• [Work item]:
Your response should consist of the records, reproduced exactly.
┌──
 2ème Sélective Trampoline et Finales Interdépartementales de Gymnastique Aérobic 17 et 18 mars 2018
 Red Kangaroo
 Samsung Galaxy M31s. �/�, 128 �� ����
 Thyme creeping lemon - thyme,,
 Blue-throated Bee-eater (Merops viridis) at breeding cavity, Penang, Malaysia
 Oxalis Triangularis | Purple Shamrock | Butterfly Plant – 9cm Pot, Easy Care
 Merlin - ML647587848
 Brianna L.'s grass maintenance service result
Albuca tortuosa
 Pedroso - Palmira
└──
• [Output for this exercise]:
 2ème Sélective Trampoline et Finales Interdépartementales de Gymnastique Aérobic 17 et 18 mars 2018
 Red Kangaroo
 Samsung Galaxy M31s. �/�, 128 �� ����
 Thyme creeping lemon - thyme,,
 Blue-throated Bee-eater (Merops viridis) at breeding cavity, Penang, Malaysia
 Oxalis Triangularis | Purple Shamrock | Butterfly Plant – 9cm Pot, Easy Care
 Merlin - ML647587848
 Brianna L.'s grass maintenance service result
Albuca tortuosa
 Pedroso - Palmira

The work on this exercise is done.